Please give the entries below again exactly, omitting every picture.

▸ Scraped caption text data
◇ ◇ ◇ ◇ ◇
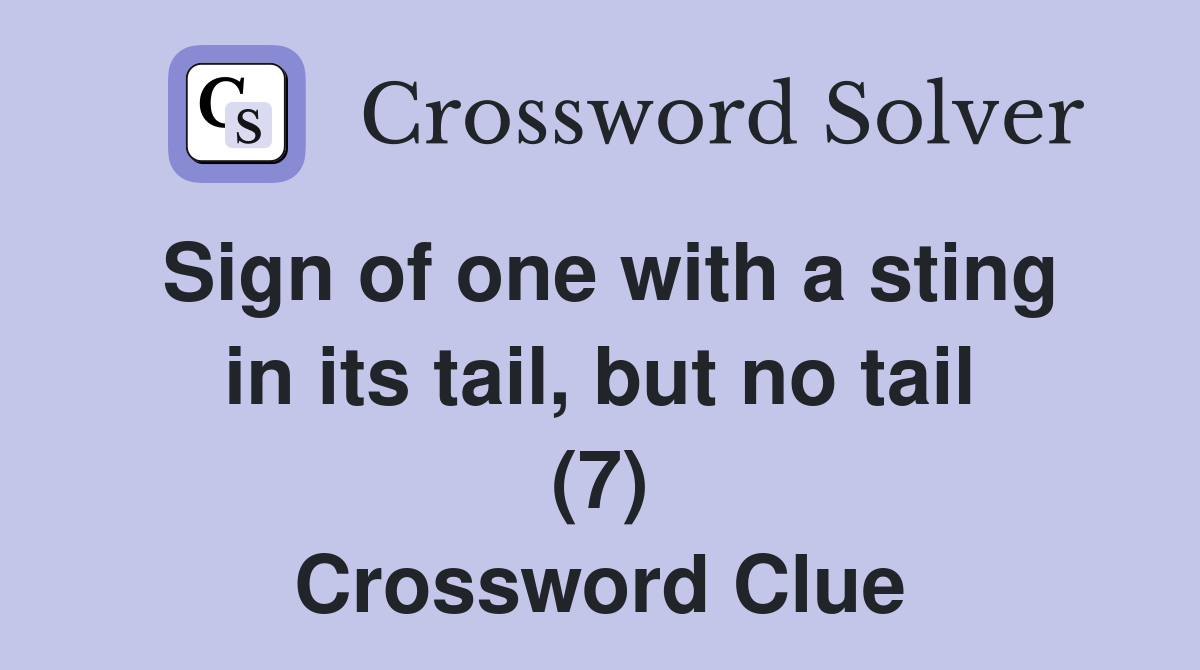 Sign of one with a sting in its tail, but no tail (7) Crossword Clue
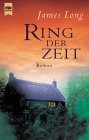 Ring der Zeit : Roman. Aus dem Engl. von Susanne Aeckerle, Heyne-Bücher : 01, Allgemeine Reihe,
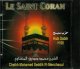 Saint Coran Cheikh Muhammad Siddiq El-Minchaoui - قرآن كريم : الشيخ المقرئ محمد صديق المنشاوي Saint Coran Cheikh Muhammad Siddiq El-Minchaoui - قرآن كريم : الشيخ المقرئ محمد صديق المنشاوي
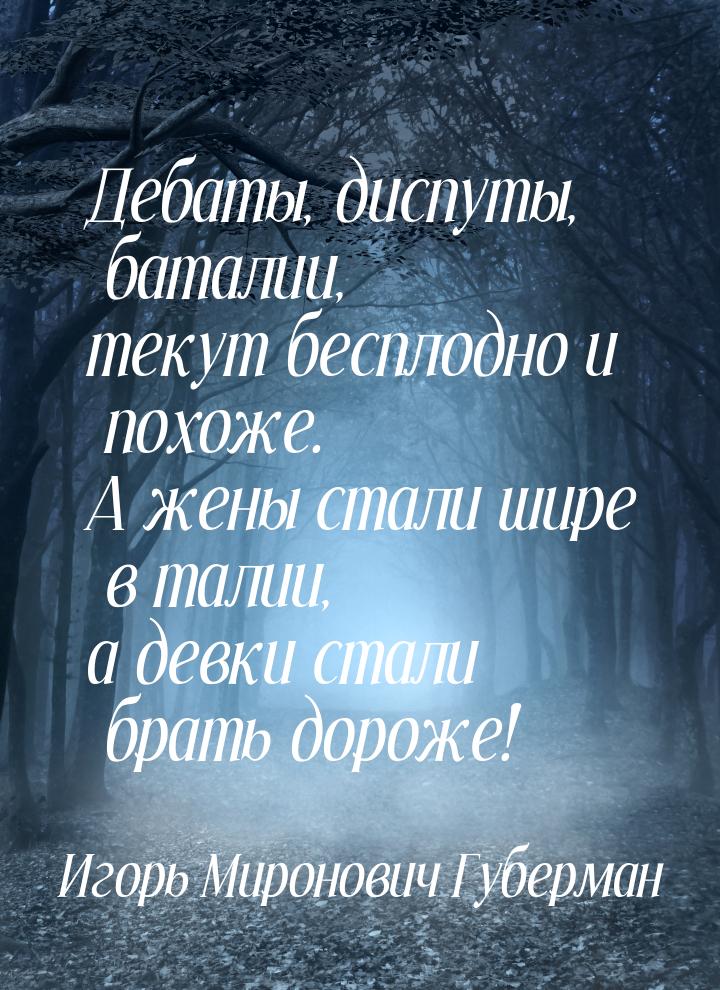 Дебаты, диспуты, баталии, текут бесплодно и похоже. А жены стали шире в талии, а девки ста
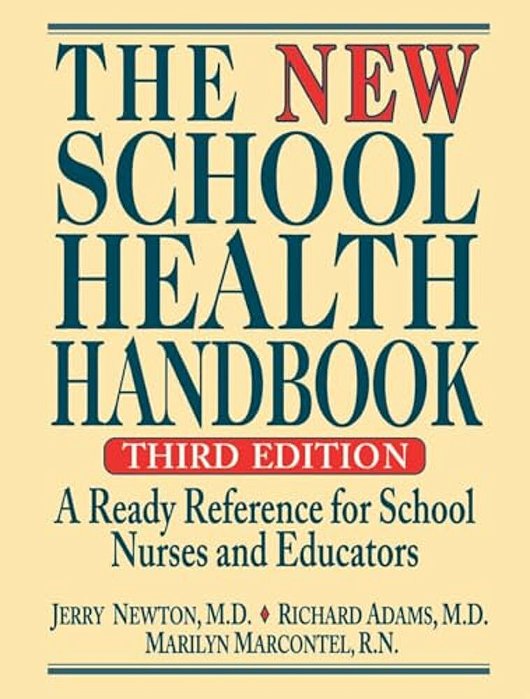 The New School Health Handbook: A Ready Reference For School Nurses And Educators-..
◇ ◇ ◇ ◇ ◇
▸ Solution for this problem
 Sign of one with a sting in its tail, but no tail (7) Crossword Clue
 Ring der Zeit : Roman. Aus dem Engl. von Susanne Aeckerle, Heyne-Bücher : 01, Allgemeine Reihe,
 Saint Coran Cheikh Muhammad Siddiq El-Minchaoui - قرآن كريم : الشيخ المقرئ محمد صديق المنشاوي Saint Coran Cheikh Muhammad Siddiq El-Minchaoui - قرآن كريم : الشيخ المقرئ محمد صديق المنشاوي
 Дебаты, диспуты, баталии, текут бесплодно и похоже. А жены стали шире в талии, а девки ста
 The New School Health Handbook: A Ready Reference For School Nurses And Educators-..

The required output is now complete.